Athna, der 37te Tag im Segment des Gesichtslosen im Zyklus 61CZ
Die folgenden Zeilen sind mit zittriger Hand in ein recht altmodisches Buch mit Ledereinband geschrieben.
Ich schreibe nicht häufig Logs, aber was im vergangenen Tag passiert ist hat mich zutiefst erschüttert. Eigentlich dachte ich, dass die Hochzeit, auf die wir gegangen sind, eine Möglichkeit wäre, etwas abzuschalten. Ich hatte ja nicht damit gerechnet, dass der Bräutigam selbst ermordet werden würde.
Kurz darauf standen wir alle schon außerhalb des Gebäudes, noch immer aufgewühlt, doch eine Person fehlte:
Captain Layla war immer noch drinnen. Und wir durften nicht rein, weil wir anscheinend zu sehr nach Soldaten aussahen (da ist man einmal in der Lage sich zu verteidigen und schon ist man „Soldat“?). Immerhin
Moth war es erlaubt reinzugehen um nach ihr zu suchen. Ich erkundete währenddessen das Außengebiet. Gute Wachen hatte der Tote ja, denn ich habe rein gar nichts erfahren und habe es nicht reingeschafft.
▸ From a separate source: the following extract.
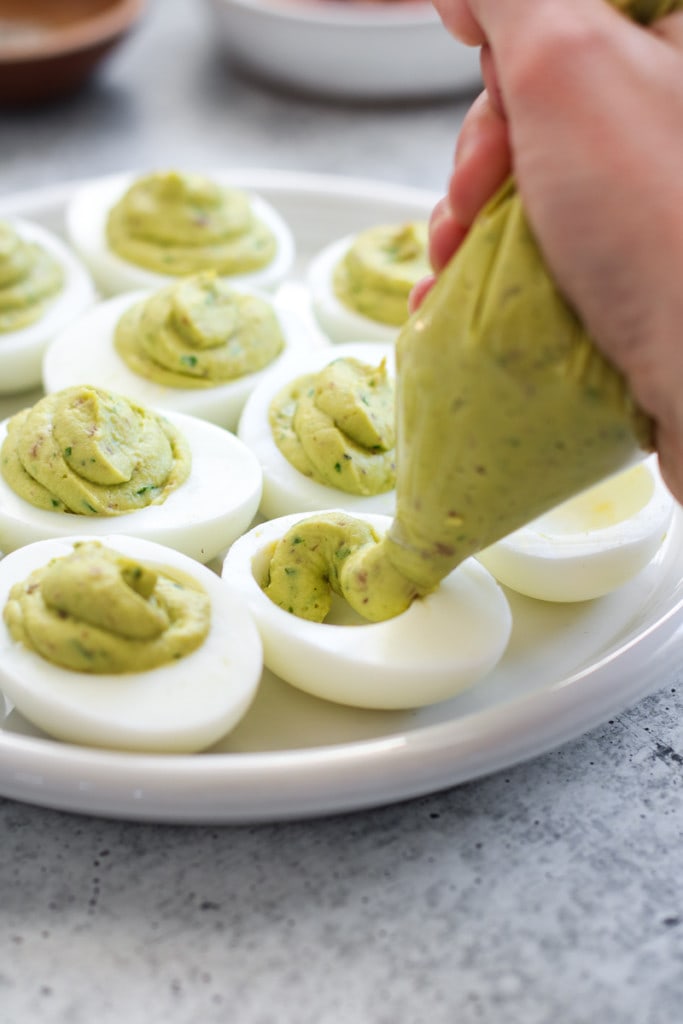 Avocado Deviled Eggs being filled with a piping bag filled with avocado filling piping them into the egg white shells. 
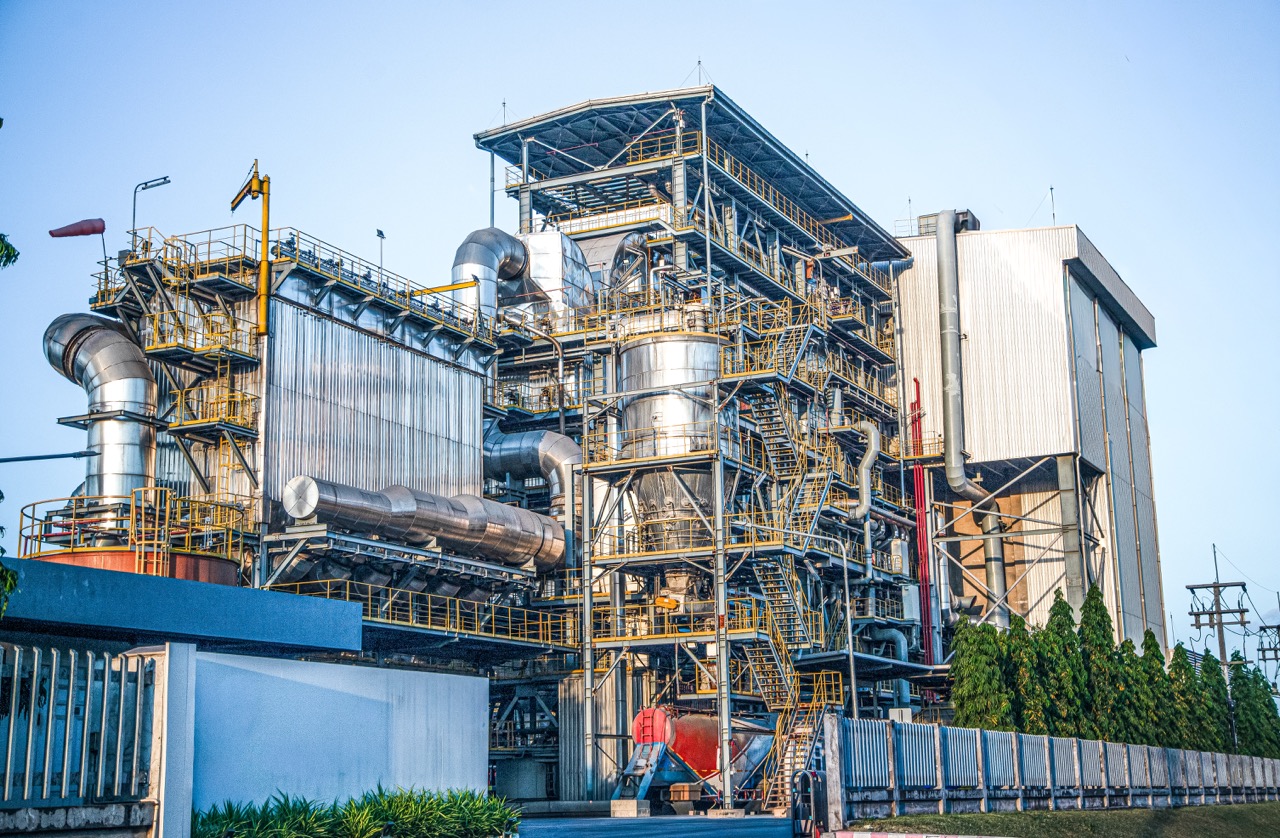 Industrial power plant with complex piping and structures, showcasing modern engineering and energy production technology against a clear blue sky.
Dementsprechend war alles ziemlich ereignislos, bis ich zurück war von meinem Ausflug und Kevin endlich ein Signal von Layla erhielt. Wir machten uns auf, zusammen mit der
Judikatorin, um zum Captain und Moth zu kommen. (Mir war es im Übrigen nicht entgangen, wie Layla die Judikatorin angeschaut hatte, als sie uns auf der Party das erste Mal auffiel. Aber es ist nicht so, dass ich ihr das verübeln kann, so gut und erhaben, wie sie aussah.)
Als wir uns alle wiedersahen trafen wir auch auf
eine Frau, die durch Layla gerettet wurde. Sie zeigte uns den Weg in die
Sümpfe, die, laut ihrer Aussage, kein Ort wären, an dem wir uns aufhalten sollten. Und wie so häufig haben wir die Warnungen ignoriert. Vielleicht hätten wir dieses Mal auf sie hören sollen, denn dieses Mal wurde es jemandem von uns zum Verhängnis.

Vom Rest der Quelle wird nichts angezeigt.